Even Tehran has understood that Damascus is collapsing, but Ankara cannot grasp it – this includes the government, opposition, and intellectuals alike. Those who have pursued politics under the illusion that “solving the problem means making a deal with Assad” – while failing to see that Bashar Assad and the Baath regime barely maintain control over a fraction of Syrian territory, and only then with Russian and Iranian support – are now left lamenting past opportunities.
The ruling Justice and Development Party (AKP) government, which until 2016 worked to overthrow the Assad regime before shifting its focus to preventing a US-protected PKK-administered Kurdish state in Syria, still clings to rhetoric about dialogue and reconciliation between Assad and the “opposition.”
President Recep Tayyip Erdoğan’s December 6 statement that “This is not what we desired” carries multiple layers of meaning. The reality is that Ankara wields little influence over HTS.

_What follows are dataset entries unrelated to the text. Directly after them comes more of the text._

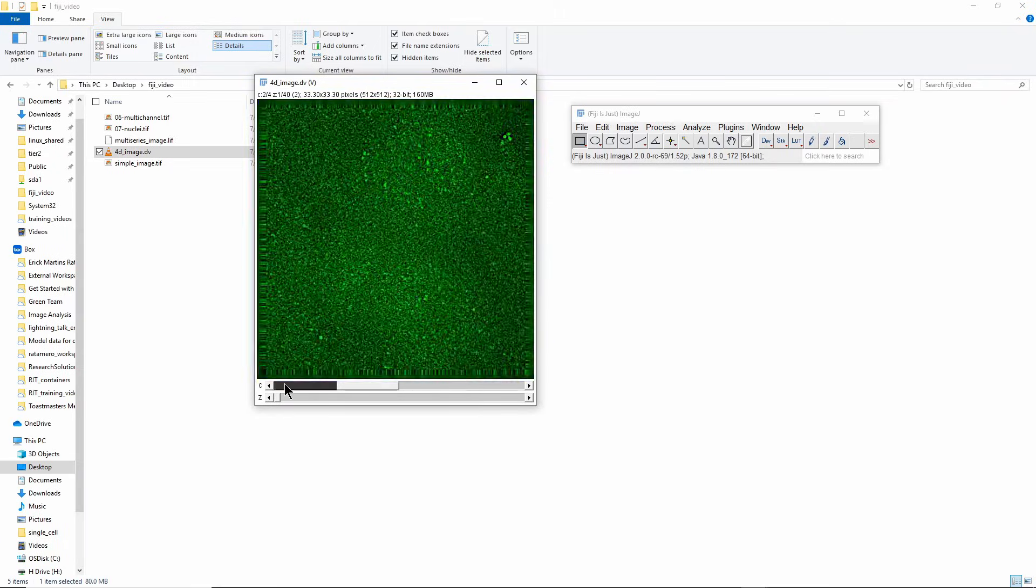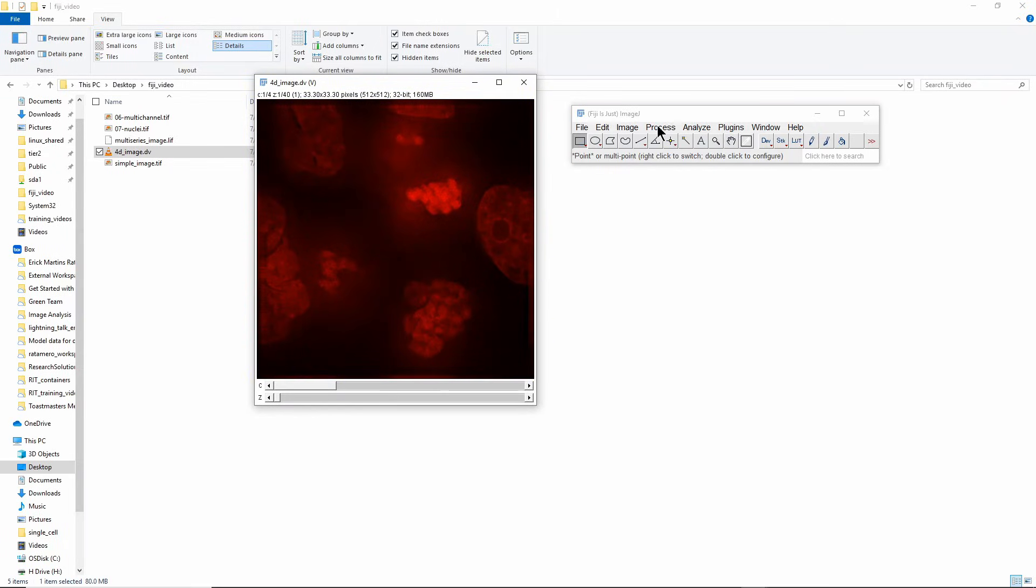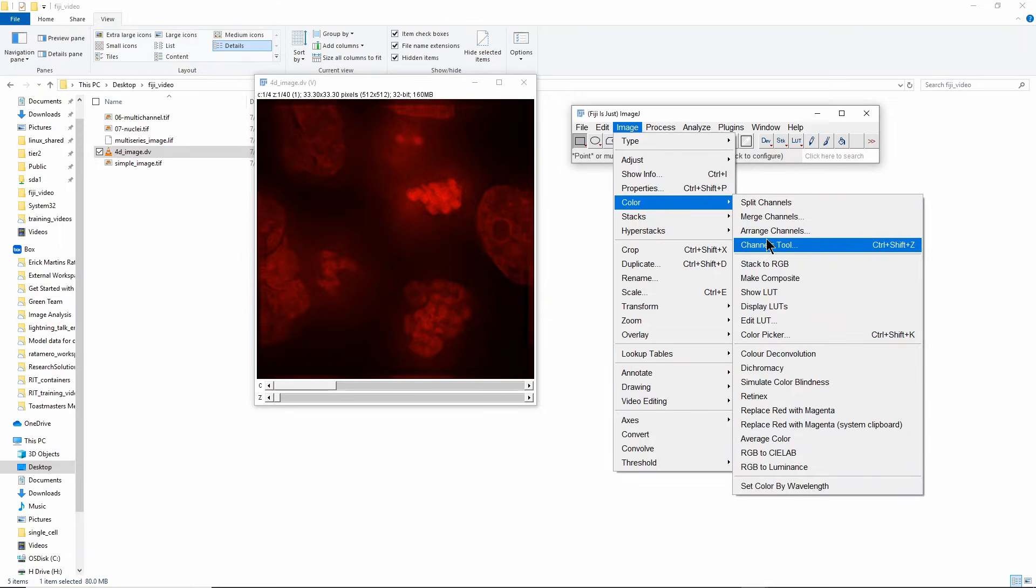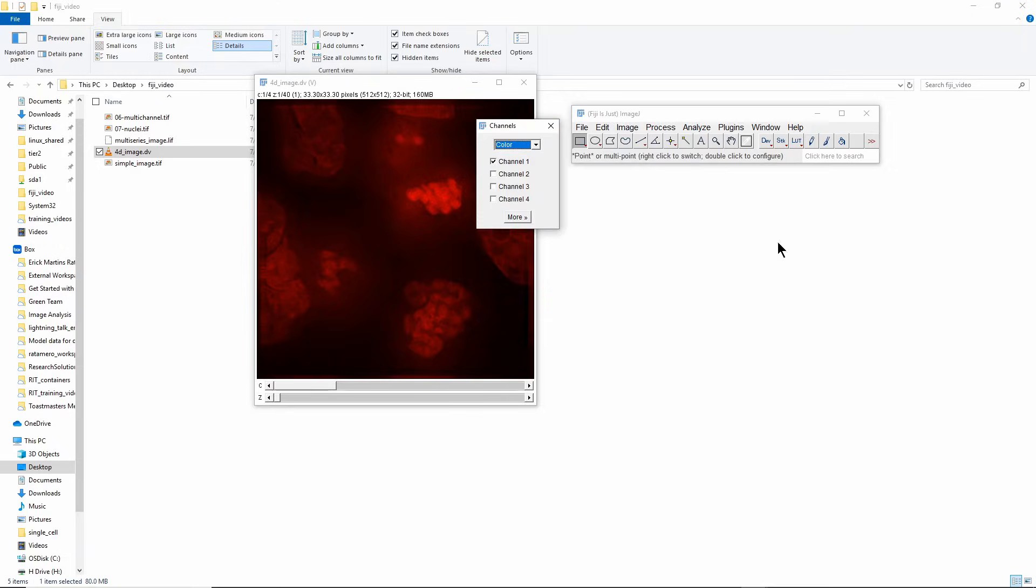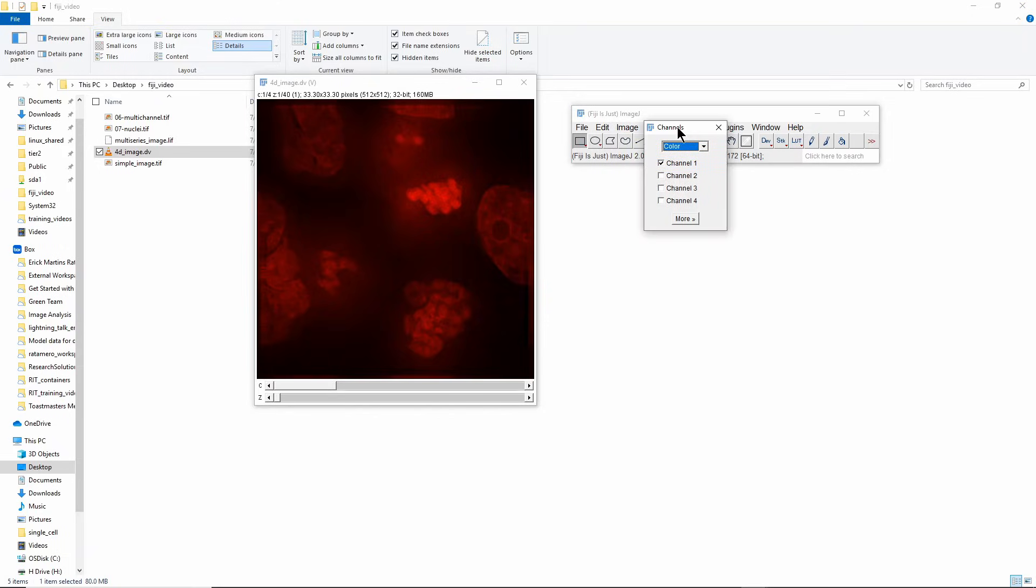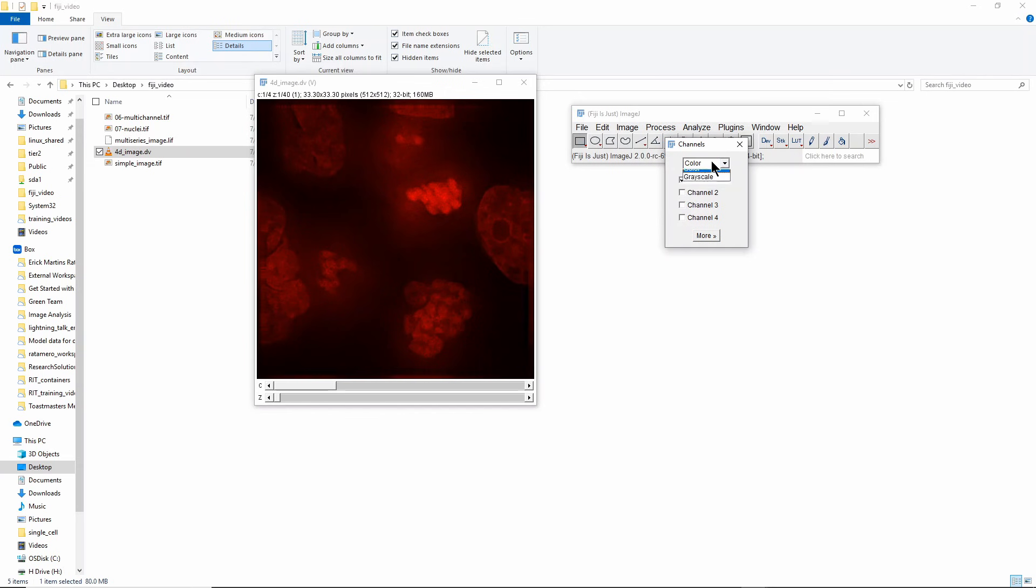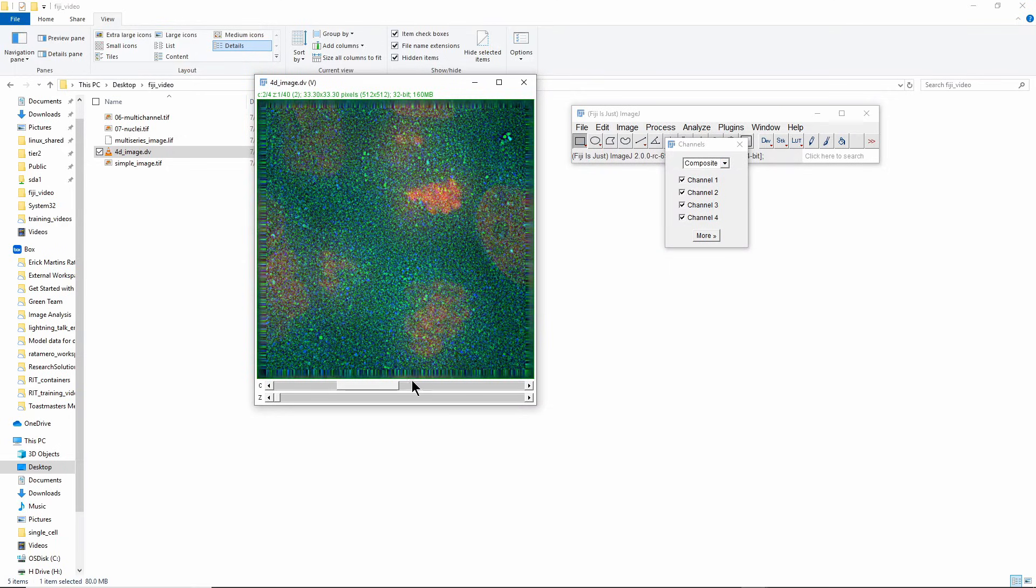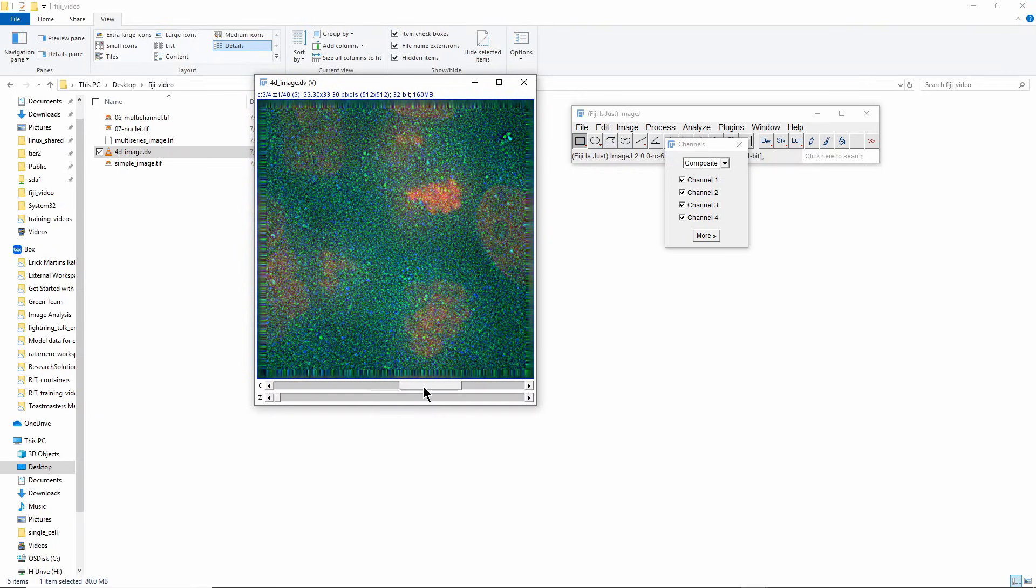I said you can show colors in different ways, so the main thing you're going to use for that is in Image > Color > Channels Tool. That's a tool that will allow you to change how you're seeing the colors here. For example if I change from Color to Composite, it's going to put all four channels together in one single image no matter which channel you pick here at the bottom. You can see that by changing the channel here I change the color of the bar at the top, so I'm still selecting different channels, I'm just visualizing all of them at the same time.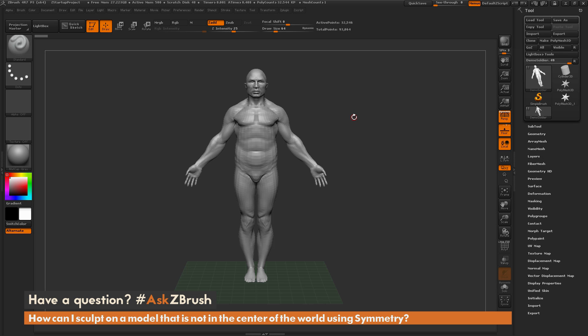This is Joseph Drust and welcome back to another episode of Ask ZBrush. We had a question sent in asking: how can I sculpt on a model that is not in the center of the world using symmetry?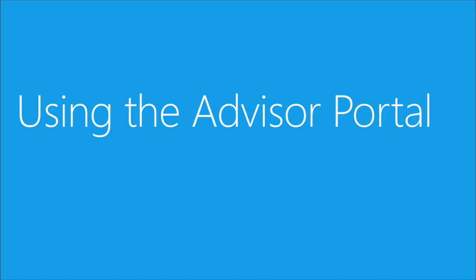In Module 2, I'll show you how to use the Advisor Portal and how to reap benefits of all the features that are available there.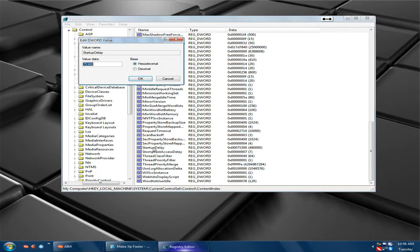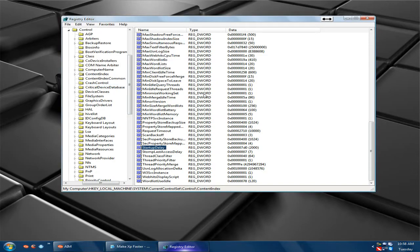Double click that, then go to Decimal. Change 48,000 and change that to 2,000. Then click OK and restart your computer.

A close reading of Erdoğan’s definition of “opposition” reveals a two-tiered approach: first, include the Syrian National Army but exclude the Syrian Democratic Forces; second, ensure Türkiye’s proxy forces are involved while keeping America’s proxies out.
But what about Iran’s proxy forces? Following Israel’s devastating strikes against Hamas and Hezbollah leadership, the alliance between Hezbollah, Revolutionary Guards, and Shiite militias appears to have crumbled in Syria. Iran’s Foreign Minister Abbas Araghchi, who recently spoke of deploying troops to support Assad, now discusses Assad’s uncertain future and has, for the first time, referred to HTS as “opposition” rather than “takfiri terrorists.”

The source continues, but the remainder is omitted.